Early Prehospital Tranexamic Acid Following Injury Is Associated With a 30-day Survival Benefit

A Secondary Analysis of a Randomized Clinical Trial

Shimena R. Li, MD; Francis Guyette, MD, MPH; Joshua Brown, MD, MSc; Mazen Zenati, MD, MPH, PhD; Katherine M. Reitz, MD, MSc; Brian Eastridge, MD; Raminder Nirula, MD, MPH; Gary A. Vercruysse, MD; Terence O'Keeffe, MD; Bellal Joseph, MD; Matthew D. Neal, MD; Brian S. Zuckerbraun, MD; Jason L. Sperry, MD, MPH

Disclosures

Annals of Surgery. 2021;274(3):419-426. 

In This Article

Abstract and Introduction

Abstract

Objective: We sought to characterize the timing of administration of prehospital tranexamic acid (TXA) and associated outcome benefits.

Background: TXA has been shown to be safe in the prehospital setting post-injury.
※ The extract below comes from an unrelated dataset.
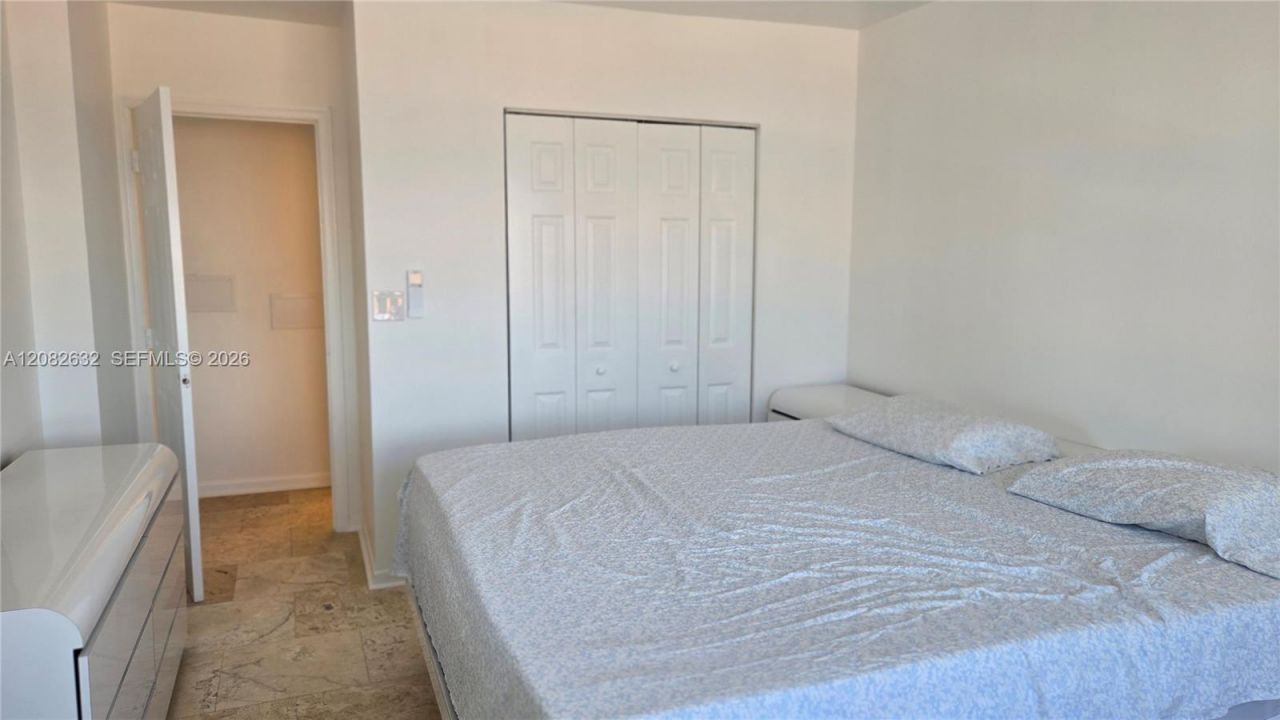 3000 Riomar St , Unit 701, Fort Lauderdale, FL 33304 Photo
Methods: We performed a secondary analysis of a recent prehospital randomized TXA clinical trial in injured patients. Those who received prehospital TXA within 1 hour (EARLY) from time of injury were compared to those who received prehospital TXA beyond 1 hour (DELAYED). We included patients with a shock index of >0.9. Primary outcome was 30-day mortality. Kaplan-Meier and Cox Hazard regression were utilized to characterize mortality relationships.
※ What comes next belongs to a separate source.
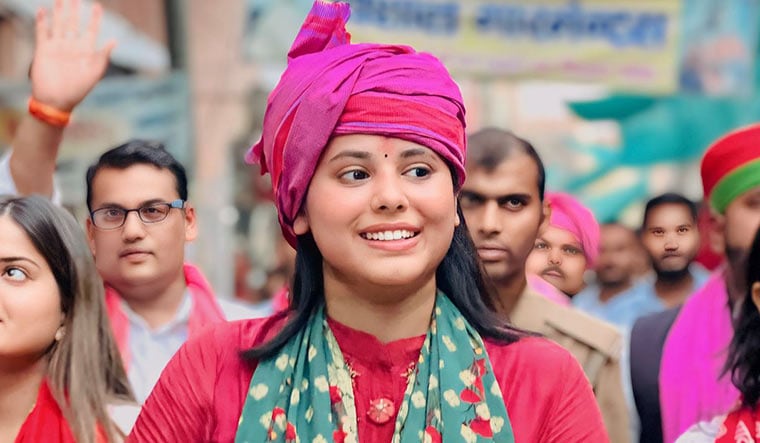 12-Priya-Saroj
Results: EARLY and DELAYED patients had similar demographics, injury characteristics, and shock severity but DELAYED patients had greater prehospital resuscitation requirements and longer prehospital times. Stratified Kaplan-Meier analysis demonstrated significant separation for EARLY patients (N = 238, log-rank chi-square test, 4.99; P = 0.03) with no separation for DELAYED patients (N = 238, log-rank chi-square test, 0.04; P = 0.83). Stratified Cox Hazard regression verified, after controlling for confounders, that EARLY TXA was associated with a 65% lower independent hazard for 30-day mortality [hazard ratio (HR) 0.35, 95% confidence interval (CI) 0.19–0.65, P = 0.001] with no independent survival benefit found in DELAYED patients (HR 1.00, 95% CI 0.63–1.60, P = 0.999). EARLY TXA patients had lower incidence of multiple organ failure and 6-hour and 24-hour transfusion requirements compared to placebo.
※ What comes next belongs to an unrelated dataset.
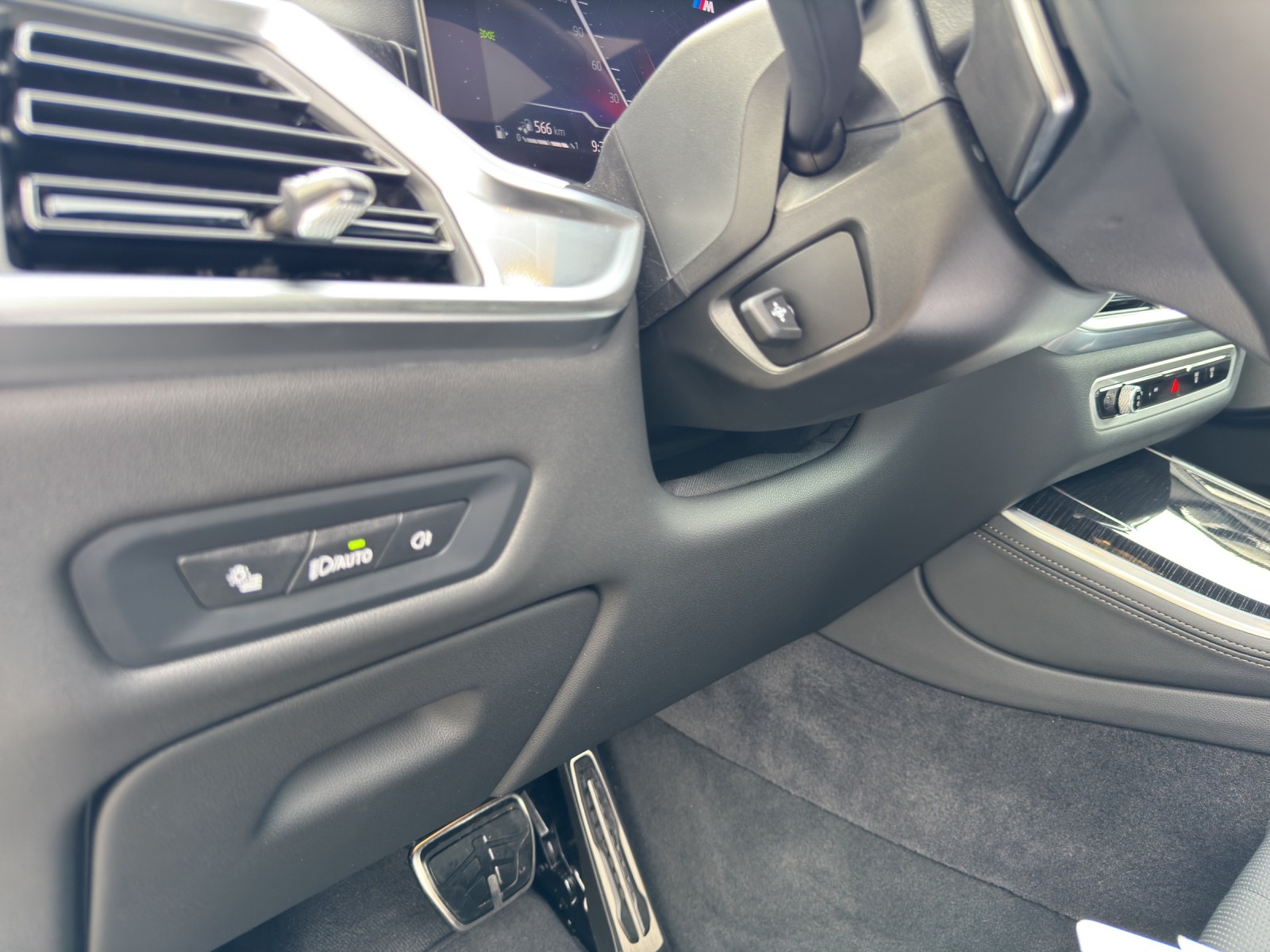 BMW X5 50e xDrive M Sportpaket-image-16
Conclusions: Administration of prehospital TXA within 1 hour from injury in patients at risk of hemorrhage is associated with 30-day survival benefit, lower incidence of multiple organ failure, and lower transfusion requirements.

Introduction

Hemorrhage remains a leading cause of preventable death in both civilian and military injured patients.[1–6] A recent call for zero preventable deaths by the National Academies of Sciences, Engineering, and Medicine focuses on strategies to mitigate the physiologic consequences of hemorrhagic shock.[7] In addition to early balanced transfusion of blood components or whole blood transfusion, resuscitative adjuncts including tranexamic acid (TXA) improve survival after a patient has arrived at definitive care.[8–13] The timing of TXA administration during the in-hospital phase of care is important and associated with differential efficacy and safety outcomes.[8,14] More recent clinical trials following traumatic injury verified the importance of the timing of intervention and the significance of the prehospital environment to maximize benefit for the injured patient at risk of hemorrhage.[15–17]

Recent randomized clinical trials demonstrate the safety of prehospital TXA across a spectrum of injury types and severity.[18,19] These types of prehospital clinical trials following injury commonly require broad, pragmatic inclusion criteria with limited exclusion criteria due to the complexity of environment where enrollment occurs. Due to these factors, the most appropriate injured patient population and the timing of prehospital TXA administration to maximize outcome benefits remain poorly characterized.

Our objective is to characterize the timing of prehospital TXA administration relative to the time of injury and associations with differential outcome benefits. We hypothesized that early prehospital TXA administration is associated with efficacy and safety benefits as compared to delayed prehospital TXA administration.